[[ EXTRACTED MATERIAL, beginning ]]
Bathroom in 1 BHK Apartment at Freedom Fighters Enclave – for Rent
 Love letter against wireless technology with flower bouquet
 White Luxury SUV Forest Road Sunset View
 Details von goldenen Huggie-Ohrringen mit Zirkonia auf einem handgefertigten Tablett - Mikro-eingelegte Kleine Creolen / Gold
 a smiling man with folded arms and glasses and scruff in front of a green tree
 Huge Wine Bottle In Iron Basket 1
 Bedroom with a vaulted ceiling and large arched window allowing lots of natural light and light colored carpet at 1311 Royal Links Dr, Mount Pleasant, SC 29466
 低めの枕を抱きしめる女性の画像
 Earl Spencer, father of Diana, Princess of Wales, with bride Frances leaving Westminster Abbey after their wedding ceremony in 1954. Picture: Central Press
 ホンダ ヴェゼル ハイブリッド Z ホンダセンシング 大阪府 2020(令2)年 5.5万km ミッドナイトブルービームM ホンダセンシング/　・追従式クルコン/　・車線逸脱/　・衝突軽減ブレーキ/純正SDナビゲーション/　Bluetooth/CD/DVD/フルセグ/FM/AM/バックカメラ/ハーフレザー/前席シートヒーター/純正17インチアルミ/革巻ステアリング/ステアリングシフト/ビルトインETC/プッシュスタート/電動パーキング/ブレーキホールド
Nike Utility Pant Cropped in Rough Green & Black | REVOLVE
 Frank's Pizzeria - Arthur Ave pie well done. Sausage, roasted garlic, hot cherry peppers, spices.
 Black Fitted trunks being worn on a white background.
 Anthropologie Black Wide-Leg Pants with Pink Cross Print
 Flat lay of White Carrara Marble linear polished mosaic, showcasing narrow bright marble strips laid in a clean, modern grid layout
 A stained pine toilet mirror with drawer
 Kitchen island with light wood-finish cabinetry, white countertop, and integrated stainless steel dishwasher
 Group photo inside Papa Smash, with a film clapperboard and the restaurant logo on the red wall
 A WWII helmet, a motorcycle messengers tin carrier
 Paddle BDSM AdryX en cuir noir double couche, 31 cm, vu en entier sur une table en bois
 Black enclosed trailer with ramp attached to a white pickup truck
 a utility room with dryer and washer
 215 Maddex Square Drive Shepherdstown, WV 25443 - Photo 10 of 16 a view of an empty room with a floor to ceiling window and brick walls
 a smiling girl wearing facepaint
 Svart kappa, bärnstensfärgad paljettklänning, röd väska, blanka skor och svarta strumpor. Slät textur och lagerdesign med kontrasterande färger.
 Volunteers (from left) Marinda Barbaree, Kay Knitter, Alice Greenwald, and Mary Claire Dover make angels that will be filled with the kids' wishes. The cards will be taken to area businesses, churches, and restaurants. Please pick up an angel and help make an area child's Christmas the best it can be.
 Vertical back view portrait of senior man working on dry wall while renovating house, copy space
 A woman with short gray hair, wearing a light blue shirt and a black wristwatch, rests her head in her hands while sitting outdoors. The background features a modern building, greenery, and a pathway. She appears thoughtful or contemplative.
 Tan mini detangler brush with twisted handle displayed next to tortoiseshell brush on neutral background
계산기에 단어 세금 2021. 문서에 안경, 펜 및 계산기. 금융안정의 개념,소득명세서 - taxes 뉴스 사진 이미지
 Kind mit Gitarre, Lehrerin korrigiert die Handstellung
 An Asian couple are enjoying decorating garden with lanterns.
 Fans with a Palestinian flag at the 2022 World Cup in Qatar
[[ EXTRACTED MATERIAL, end ]]
EXERCISE OBJECTIVE.
The data above should be output exactly, with each line intact.

EXERCISE SOLUTION.
Bathroom in 1 BHK Apartment at Freedom Fighters Enclave – for Rent
 Love letter against wireless technology with flower bouquet
 White Luxury SUV Forest Road Sunset View
 Details von goldenen Huggie-Ohrringen mit Zirkonia auf einem handgefertigten Tablett - Mikro-eingelegte Kleine Creolen / Gold
 a smiling man with folded arms and glasses and scruff in front of a green tree
 Huge Wine Bottle In Iron Basket 1
 Bedroom with a vaulted ceiling and large arched window allowing lots of natural light and light colored carpet at 1311 Royal Links Dr, Mount Pleasant, SC 29466
 低めの枕を抱きしめる女性の画像
 Earl Spencer, father of Diana, Princess of Wales, with bride Frances leaving Westminster Abbey after their wedding ceremony in 1954. Picture: Central Press
 ホンダ ヴェゼル ハイブリッド Z ホンダセンシング 大阪府 2020(令2)年 5.5万km ミッドナイトブルービームM ホンダセンシング/　・追従式クルコン/　・車線逸脱/　・衝突軽減ブレーキ/純正SDナビゲーション/　Bluetooth/CD/DVD/フルセグ/FM/AM/バックカメラ/ハーフレザー/前席シートヒーター/純正17インチアルミ/革巻ステアリング/ステアリングシフト/ビルトインETC/プッシュスタート/電動パーキング/ブレーキホールド
Nike Utility Pant Cropped in Rough Green & Black | REVOLVE
 Frank's Pizzeria - Arthur Ave pie well done. Sausage, roasted garlic, hot cherry peppers, spices.
 Black Fitted trunks being worn on a white background.
 Anthropologie Black Wide-Leg Pants with Pink Cross Print
 Flat lay of White Carrara Marble linear polished mosaic, showcasing narrow bright marble strips laid in a clean, modern grid layout
 A stained pine toilet mirror with drawer
 Kitchen island with light wood-finish cabinetry, white countertop, and integrated stainless steel dishwasher
 Group photo inside Papa Smash, with a film clapperboard and the restaurant logo on the red wall
 A WWII helmet, a motorcycle messengers tin carrier
 Paddle BDSM AdryX en cuir noir double couche, 31 cm, vu en entier sur une table en bois
 Black enclosed trailer with ramp attached to a white pickup truck
 a utility room with dryer and washer
 215 Maddex Square Drive Shepherdstown, WV 25443 - Photo 10 of 16 a view of an empty room with a floor to ceiling window and brick walls
 a smiling girl wearing facepaint
 Svart kappa, bärnstensfärgad paljettklänning, röd väska, blanka skor och svarta strumpor. Slät textur och lagerdesign med kontrasterande färger.
 Volunteers (from left) Marinda Barbaree, Kay Knitter, Alice Greenwald, and Mary Claire Dover make angels that will be filled with the kids' wishes. The cards will be taken to area businesses, churches, and restaurants. Please pick up an angel and help make an area child's Christmas the best it can be.
 Vertical back view portrait of senior man working on dry wall while renovating house, copy space
 A woman with short gray hair, wearing a light blue shirt and a black wristwatch, rests her head in her hands while sitting outdoors. The background features a modern building, greenery, and a pathway. She appears thoughtful or contemplative.
 Tan mini detangler brush with twisted handle displayed next to tortoiseshell brush on neutral background
계산기에 단어 세금 2021. 문서에 안경, 펜 및 계산기. 금융안정의 개념,소득명세서 - taxes 뉴스 사진 이미지
 Kind mit Gitarre, Lehrerin korrigiert die Handstellung
 An Asian couple are enjoying decorating garden with lanterns.
 Fans with a Palestinian flag at the 2022 World Cup in Qatar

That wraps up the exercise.